WORK TO COMPLETE: Below are some records. Pull every line that contains the word "with".

SUPPLIED RECORDS:
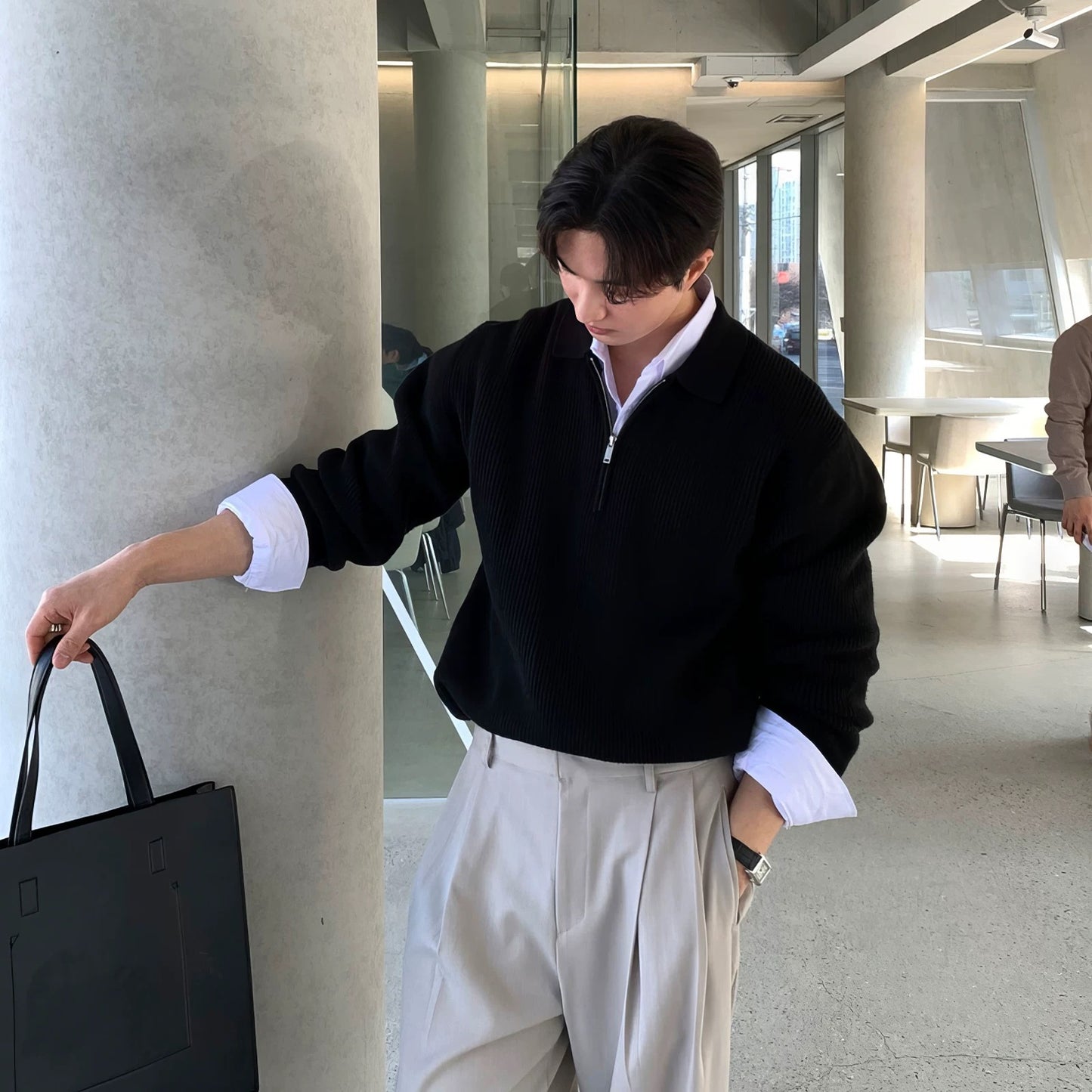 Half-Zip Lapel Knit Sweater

---

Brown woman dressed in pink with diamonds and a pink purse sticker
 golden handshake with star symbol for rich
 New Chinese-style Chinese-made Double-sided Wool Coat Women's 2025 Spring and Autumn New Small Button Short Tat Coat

---

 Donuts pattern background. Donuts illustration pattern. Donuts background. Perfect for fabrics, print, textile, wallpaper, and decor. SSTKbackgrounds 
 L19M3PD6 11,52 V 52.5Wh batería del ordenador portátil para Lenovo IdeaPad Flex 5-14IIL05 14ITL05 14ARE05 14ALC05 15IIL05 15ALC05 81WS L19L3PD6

THE COMPLETED TASK:
Brown woman dressed in pink with diamonds and a pink purse sticker
 golden handshake with star symbol for rich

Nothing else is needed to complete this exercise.